鈴愛は、左耳の失聴や多くの挫折に直面しながらも、強く明るく生きていくヒロインですよね。そんなふうに、生活の中に現れる“影”に対して、アイデアをもって乗り越えていこう、さらっと織り込んで生きていこう、というコンセプトで歌詞を書いていきました。やはり、朝ドラは生活の一部になるような番組だと思うので、主題歌でも生活を応援したい気持ちがありましたね。
一方で、ヒロインが生まれないまま第1回が終わったように、「半分、青い。」は相当にアバンギャルド(笑)。それならば、主題歌も歴代の作品にならわず自由に作ろうと思いました。尺の都合からすれば、これまでの主題歌で多かった、前奏と後奏を短くまとめたミドルテンポの曲にするのがやりやすいのでしょうが、今回は逆を行きたかった。前奏と後奏をたっぷり聴かせて、テンポをそのぶん速くした、勢いのある楽しい曲を目指しました。
アイデアをもって、生活の中の“影”を乗り越える
「半分、青い。」のあらすじや序盤の脚本なども参考にしながら、主題歌「アイデア」の構想を進めていったそうですね。
1番は「これまでの星野源」、2番は「これからの星野源」
フルバージョンを聴くと、番組で使われている1番と比べて、2番は全く違う雰囲気になっていますね。

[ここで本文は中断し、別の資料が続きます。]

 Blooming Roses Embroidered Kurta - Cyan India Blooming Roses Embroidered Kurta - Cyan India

僕の楽曲を聴いたことのない方々も見る番組だと思ったので、1番は星野源の名刺代わりになる音楽を目指した部分があって。以前に組んでいたバンド・SAKEROCKのころから演奏しているマリンバを入れたり、歌詞も過去の楽曲から取った単語を散りばめたりして、「これまでの星野源」にしていたんです。
ただ、そこからフルバージョンの制作までに期間が空いて、自分のやりたい音楽が、どんどん変わってしまったんですよね(笑)。 “陽”の1番に対する“陰” の2番、新しいサウンドとして「これからの星野源」を表現したくなり、サンプラー(音源を取り込んで演奏できる電子楽器)やアナログシンセサイザーを押し出したサウンドにしていきました。

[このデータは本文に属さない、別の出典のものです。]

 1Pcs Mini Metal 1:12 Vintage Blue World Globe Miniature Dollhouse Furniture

歌詞も陽と陰の対比で、1番は「こんばんはー!星野源でーす!」と笑顔で仕事している星野源、2番は一人ぼっちの星野源が表れています(笑)。もちろん、笑顔で仕事をしている自分も本当なんですが、誰しも社会で生きていく中で、心に“闇”をため込むだろうと思っていて。2番の歌詞は、一人ぼっちの自分を見つめながら書いていきました。
1番の歌詞は「半分、青い。」を意識して書き、2番は自分のやりたいことありきだったのですが、結果としてトータルでドラマにシンクロしていると言ってもらえるので、良い結果になったと思います。
陽も陰も全部まとめてポップスにするぞ、という宣言
2番のあとは、弾き語りパートで一度クールダウンして、再び生楽器の編成で盛り上がる構成になっています。そのあたりのねらいをお聞かせください。
まず、2番のあとで何事もなかったように元の曲調に戻ったら、奇抜なだけになると感じたんですよね。でも、間に弾き語りパートを入れたら、楽曲全体で「自分の音楽の変遷」を表現できるなと。1番はこれまでの星野源、2番はこれからの星野源だと言いましたが、弾き語りは星野源の原点なんです。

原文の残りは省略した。